Гаврила Семёныч имел в виду разговор, что ещё весной состоялся у Татищева с раскольничьими приказчиками. Приказчики просили нового командира в обмен на удвоенное обложенье дать их собратьям законное место при хозяйских заводах. Именно тогда приказчики и попытались всучить взятку Татищеву: Набатов и Осенев совали ему по две тысячи, а Степан Егоров — сразу десять. Татищев мзду отклонил, однако же снизошёл до мирной беседы и пообещал своё заступничество пред государыней. И приказчики, будто деревенские дурачки, размякли — рассказали горному начальнику о четырёх тайных пустынях Весёлых гор. Летом от Татищева на Весёлые горы уже поехал офицер-переписчик.
— Всё у Василия Никитича добром шло! — огрызнулся Бахорев. — Это ты, Семёнов, гордыней дело поломал!

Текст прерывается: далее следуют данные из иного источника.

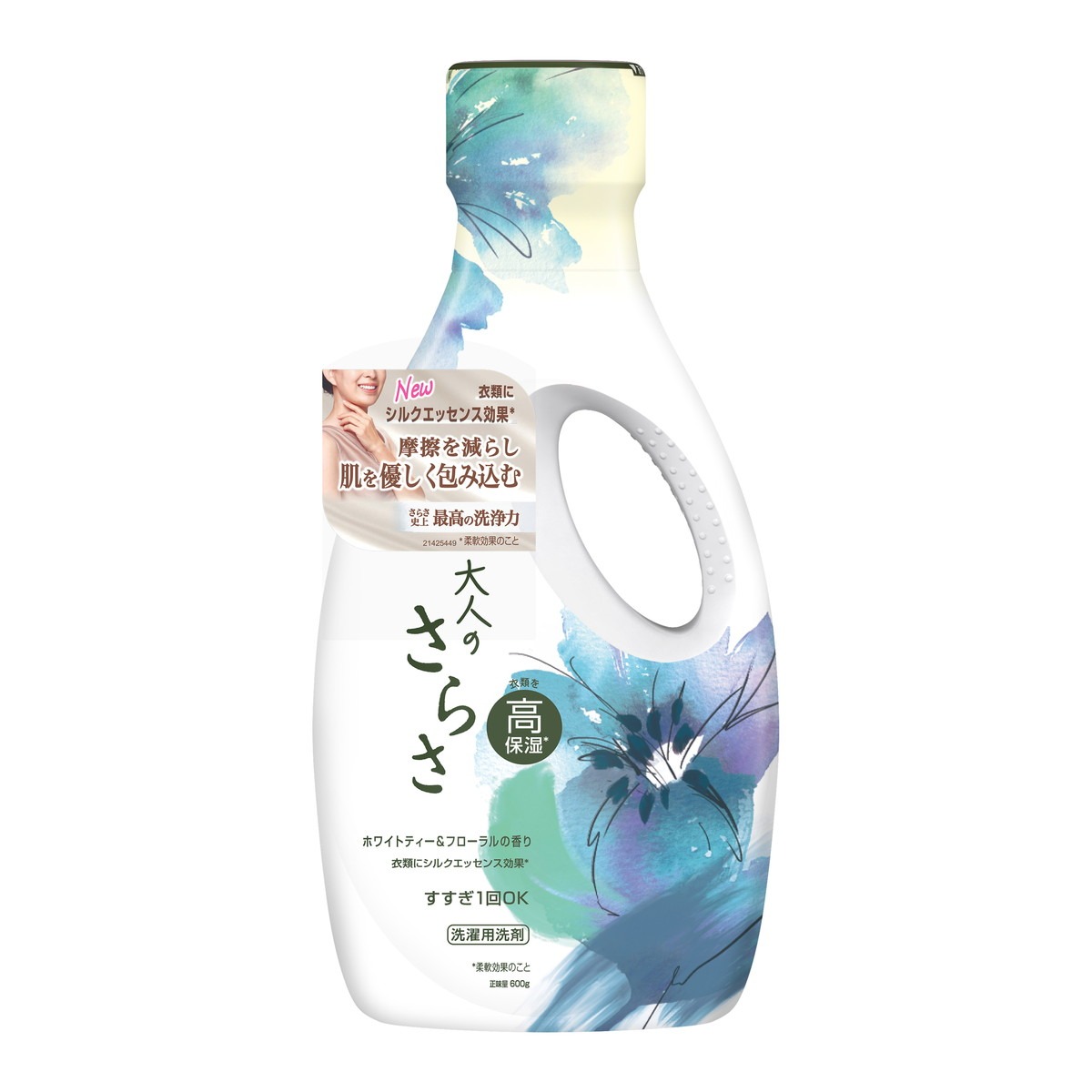 衣類にシルクエッセンス効果で摩擦を減らし肌を優しく包み込みます。 洗浄力に優れ、高保湿効果を持つ洗濯洗剤です。 天然酵素と植物由来の成分を配合しています。 家族みんなの衣類に使用可能で、ドラム式洗濯機にも対応。 上品なホワイトティー＆フローラルの香りが特徴です。 原産国：日本発売元/製造元等：P＆Gジャパン合同会社 【原材料】 植物由来のケア成分（コットンミルク）【成分】 界面活性剤(27％：ポリオキシエチレンアルキルエーテル、直鎖アルキルベンゼンスルホン酸塩、アルキルエーテル硫酸エステル塩、純せっけん分(脂肪酸塩))、安定化剤、pH調整剤、水軟化剤(クエン酸)、ケア成分(コットンミルク)、酵素 広告文責：有限会社MAY 電話番号：079-569-1286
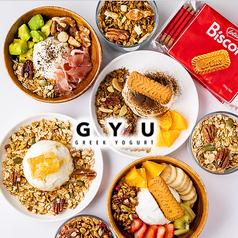 GYU ギュウ Greek Yogurt Ultimate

Бахорев был прав. При генерале де Геннине Гаврила Семёныч привык, что его уважают; он не поверил спесивому Татищеву, который и не думал держать своих конфидентов в известности о долгом пути его прошения по канцеляриям императрицы и Синода. Гаврила Семёныч решил, что затея Татищева провалилась, значит, ему самому надо отправить письмо в столицу. И он написал такое письмо. Промемория получилась дерзкой. Дескать, оставь нас, государыня, при заводах и дай вести службу нашим попам, тогда мы признаем тебя и заплатим двойной налог. Гонец умчал бумагу в Питербурх.
Это случилось в сентябре. И уже в ноябре грянул ответ императрицы: устроить «выгонку», сжечь все скиты, изловленных беглецов сдать горным властям, а упорствующих в ереси разослать по обителям Сибири на покаяние — то есть на погибель. Понятно было, что царица взбеленилась, ведь холопы посмели торговаться с ней за присягу! Татищев прижал уши и кинулся исполнять указ. Таёжные глухомани взрыла кровавая и огненная «выгонка».
Гаврила Семёныч ничего не возразил Бахореву, лишь сильнее надвинул скуфейку на косматые брови. Метель трепала его бороду.
Тюремные амбары в острожной стене, разумеется, стояли запертыми — их широкие двойные двери были перекрыты засовами из брусьев. Два караульных солдата в заиндевелых епанчах топтались у большого костра, огороженного сугробом, как бруствером; ветер ерошил и вздымал огонь.
Бахорев подтянул к себе Савватия.
— Мастер своего беглого подмастерья среди пленных разыскивает, — пояснил Бахорев караулу. — Пособите-ка ему, братцы.
В амбаре было сумрачно, тесно, холодно и зловонно. В грязных ворохах соломы и гнилого сена сидели раскольники — они сбились в кучу для тепла. Бахорев сморщился, достал платок и зажал нос. Караульные торчали в проёме входа, в руках у них были ружья с воткнутыми в стволы острыми багинетами. Савватий не знал, с чего начать, но вперёд шагнул Семёнов.